The same as above: ‘abiti’ and ‘panni’ are convertible, so are ‘cenci’ and ‘straccj.’ [↑]
VACCARELLA.[1]
They say there was once a husband and a wife; but I don’t mean that they were husband and wife of each other. The husband had lost his wife, and the wife had lost her husband, and each had one little daughter. The husband sent his daughter to the wife to be brought up along with her own daughter, and as the girl came every morning to be trained and instructed, the wife used to send a message back by her every evening, saying, ‘Why doesn’t your father marry me? then we should all live together, and you would no longer have this weary walk to take.’

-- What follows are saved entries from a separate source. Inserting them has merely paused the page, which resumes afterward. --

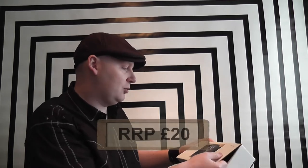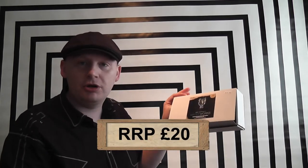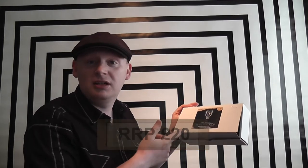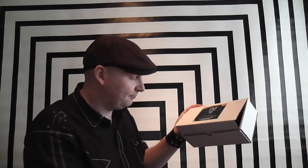It says £20 on the box. Originally I believe it was £28 and I bought it for a tenner, brand new from the dealer. That should tell you a few things.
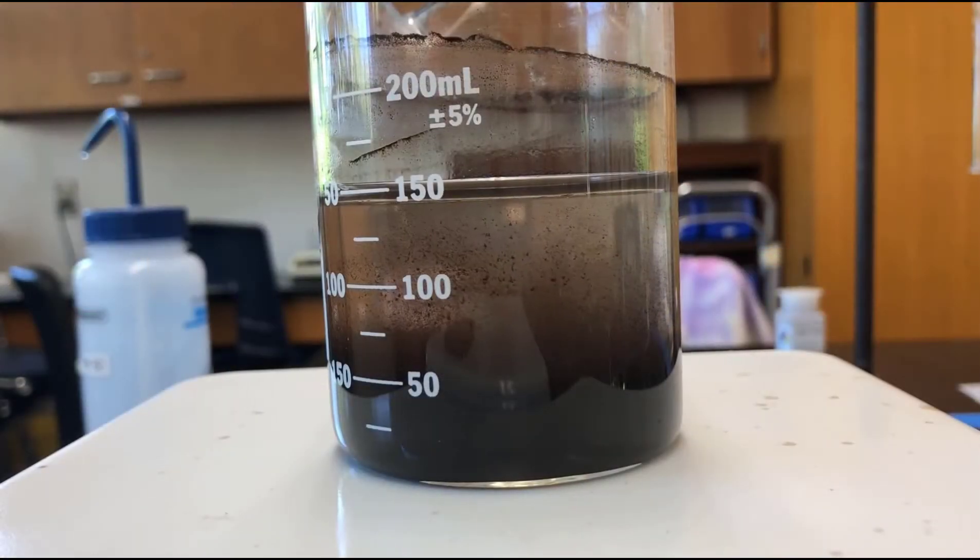You can see how cloudy that is — that's from the addition of the 100 mLs of water. We need to heat it, as that often helps it to clear up. So we'll turn the stir back on and we'll turn the heat back on.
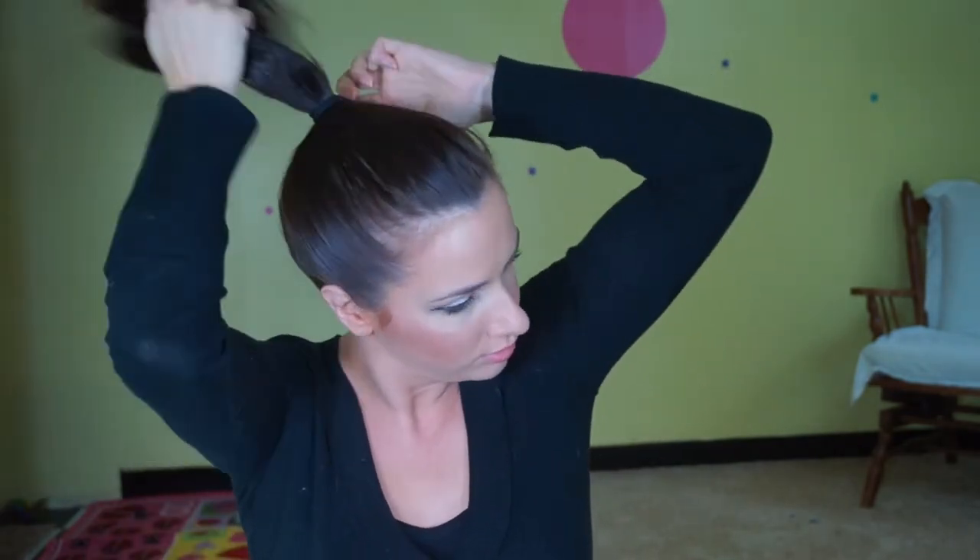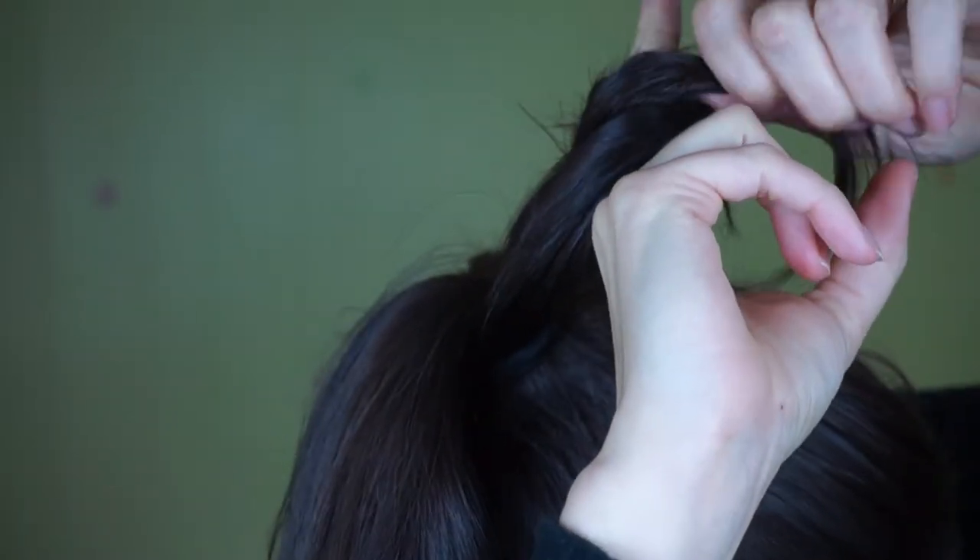I chose to make it a high ponytail, so there it is. Then go ahead and spray some more for more control. The hairspray I am using is the Suave Professionals — it has a really nice light hold and it smells amazing. Now go ahead and take your first section; this is going to be your first section of four, and wrap it around your pointer and your middle finger.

The father, however, did not see it in the same light; but the teacher[2] continued sending the same message. In short,[3] at last she carried her point, having previously given a solemn promise to him that Maria, his little girl, should be always as tenderly treated as her own.

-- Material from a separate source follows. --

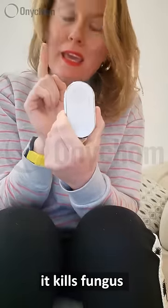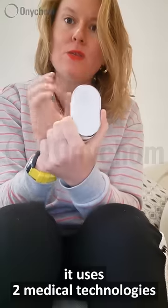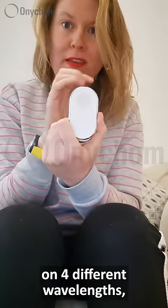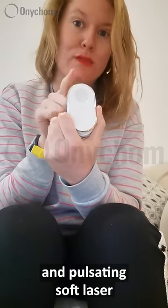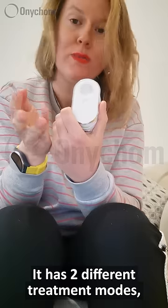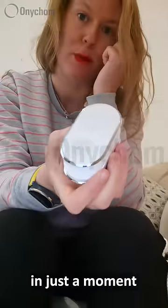It's an at-home laser treatment. It kills fungus without any pain or side effects. It uses two medical technologies on four different wavelengths. It has antimicrobial blue light and pulsating soft laser, so it has two different treatment modes. It's a premium design with a digital display right here, which you'll see in just a moment.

Not many months elapsed, however, before she began to show herself a true stepmother. After treating Maria with every kind of harshness, she at last sent her out into the Campagna to tend the cow, so as to keep her out of sight of her father, and estrange him from her. Maria had to keep the cow’s stall clean with fresh litter every day; sometimes she had to take the cow out to grass, and watch that it only grazed over the right piece of land; at other times she had to go out and cut grass for the cow to eat. All this was work enough for one so young; but Maria was a kind-hearted girl, and grew fond of her cow, so that it became a pleasure to her to attend to it.
When the cruel stepmother saw this she was annoyed to find her so light-hearted over her work, and to vex her more gave her a great heap of hemp to spin. It was in vain that Maria reminded her she had never been taught to spin; the only answer she got was, ‘If you don’t bring it home with you to-night all properly spun you will be finely punished;’ and Maria knew to her cost what that meant.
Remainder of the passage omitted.